Limousine services without the expense. While the core business model of Wingz may still revolve around getting you to and from your next flight, they are expanding their offering to so much more. From professional driver services for your commute, order pick-ups, shopping and other errands, Wingz will find high quality drivers that will cater to your every need at a fraction of the price of traditional providers.
Founded in April 2011, they have raised $13.7 million through 4 rounds of funding. Their most recent funding was through a Series B round in January 2016.
With the massive growth companies like Uber and Lyft, we’ve seen a surge in the use of delivery drivers and car shares zipping around town. Wrapify saw that as an opportunity for businesses to advertise. The Wrapify model connects business with said drivers to wrap their cars with branded vinyl, creating dynamic out-of-home advertising platforms.
Founded in 2015, they’ve raised $9 million through seven rounds. Their latest haul of $3.3 million came via Series A funding in August 2018.
Deliv provides crowdsourced same-day delivery services for retailers who may not have robust shipping and logistics. Deliv’s technology is easily added to a retailer’s website turning them from a traditional brick-and-mortar outlet to a modern, on-demand online shopping destination.
To date, they’ve raised more than $80 million over 5 rounds of funding – the latest being a Series C round in late 2018. They have since been acquired by Target.
Founded in 2012, FlightCar sought to reduce the amount of idle vehicles in airport parking lots. Their idea was simple – while you’re away on a trip, let someone visiting your city borrow your car.
They’ve raised more than $40 million in funding through 2015, before being acquired by Mercedes Benz in 2016.
In 2016, a group of educators paired up with a team of tech wizards to create a platform that helps people start infant and toddler preschools in their own homes. Be it a condo, single-family home, rented or owned, Wonderschool provides assistance in licensing marketing and more.
Having raised $24.1 million through six rounds of funding, Wonderschool currently sits at the 20th spot in Crunchbase’s ranking of companies.
Are you looking for an authentic taste of a city? Do you love an intimate guided tour of all the best hotspots? Sidewalk provides an app-based guide to a variety of cities, with insider tips and pre-paid meals. Get the best of what New York, LA, Seattle and other cities have to offer with the app.

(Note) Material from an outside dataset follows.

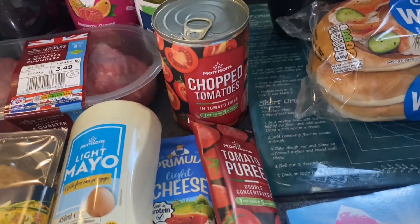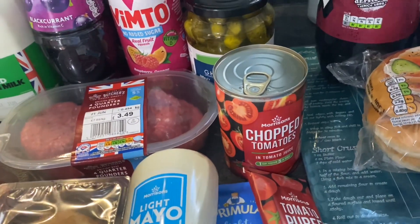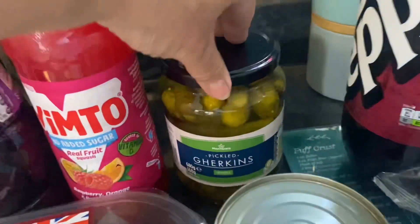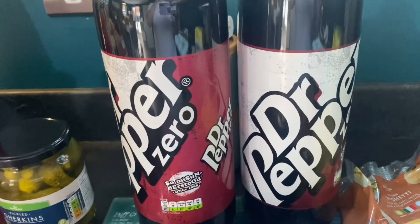Just some basics — tomato puree and chopped tomatoes. You can never go wrong. I'll always pick up chicken, mince, tomato puree, and chopped tomatoes when I'm on Slimming World because virtually every recipe has those in. Some gherkins, just some salt and vinegar salad. A couple of bottles of Dr Pepper Zero — they're free, but they're for my husband.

Any parent can tell you that packing for vacation with a child can feel like you’re bringing the entire house with you. You need to remember the strollers, car seats, bathing needs and more. If you are hopping on a flight to your destination, things get even more complicated. The team at BabyQuip wants to make things easier.

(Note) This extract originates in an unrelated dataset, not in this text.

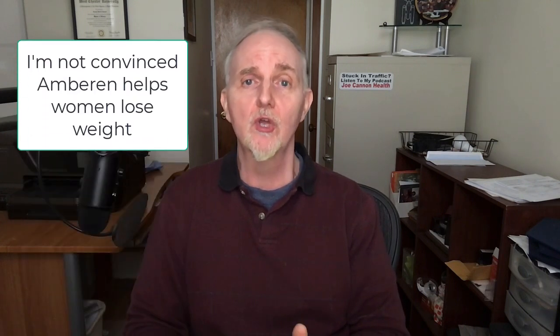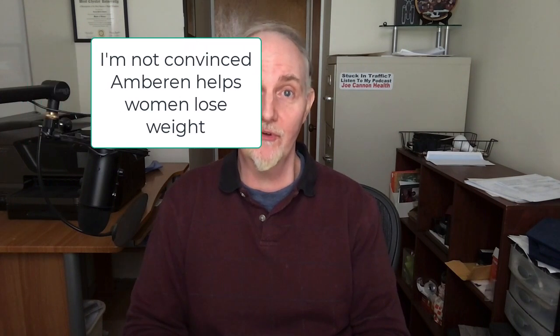As for Amberin raising estrogen levels, that's a really intriguing finding. I'll point out that so far only one clinical trial I've seen showed that Amberin raised estrogen levels, so I'd like to see a few more trials confirm that. Nonetheless, I've heard from women over the years who've told me that when they took Amberin many of their menopause symptoms improved. What do you think of all this? Leave a comment below and let me know, and until next time, take care out there.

They set about to allow parents to pack lighter by renting baby gear from other parents who live near their vacation destination. All items are clean, safe and insured, so parents can enjoy that trip just a little bit more.

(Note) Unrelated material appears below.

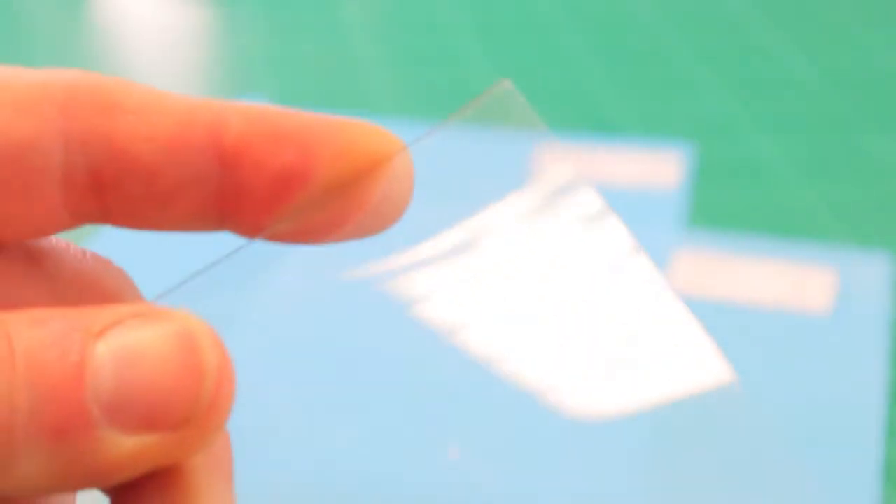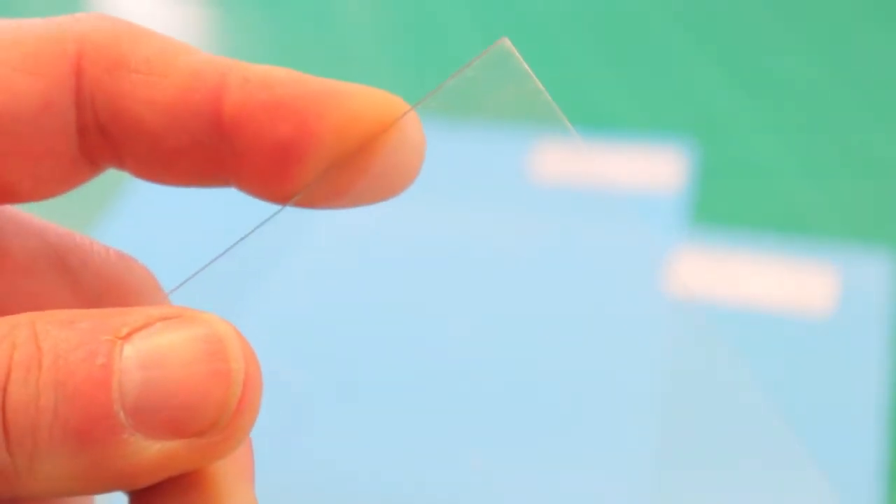PETG meets FDA requirements for food contact, is fully recyclable, and is also easy to print on or paint, allowing for beautiful and imaginative designs and finishes such as you might see on display stands. Due to these excellent mechanical and chemical properties, PETG can be used for a wide variety of applications.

BabyQuip has already raised more than $3 million dollars since their founding in 2018, and they’ve been featured in a variety of media including the hit show Shark Tank.
On-demand valet parking with drop off and pickup anywhere. That’s how Luxe is going to make you fall in love with parking. Their team of pre-screened valets will meet you, wherever you are, and securely park you car. They’ll even give it a wash and fill the tank if you ask.
After raising $75.5 million in funding through just three rounds through April 2016, they were acquired by Volvo Cars Group.
One interesting aspect of all these firms is their utilization of the gig economy to achieve results. From the handy-man-on-demand model of TaskRabbit to baby gear rental of BabyQuip, these firms are leveraging the flexibility and profitability of independent gig workers to help sidestep any Covid-19 induced economic downturn.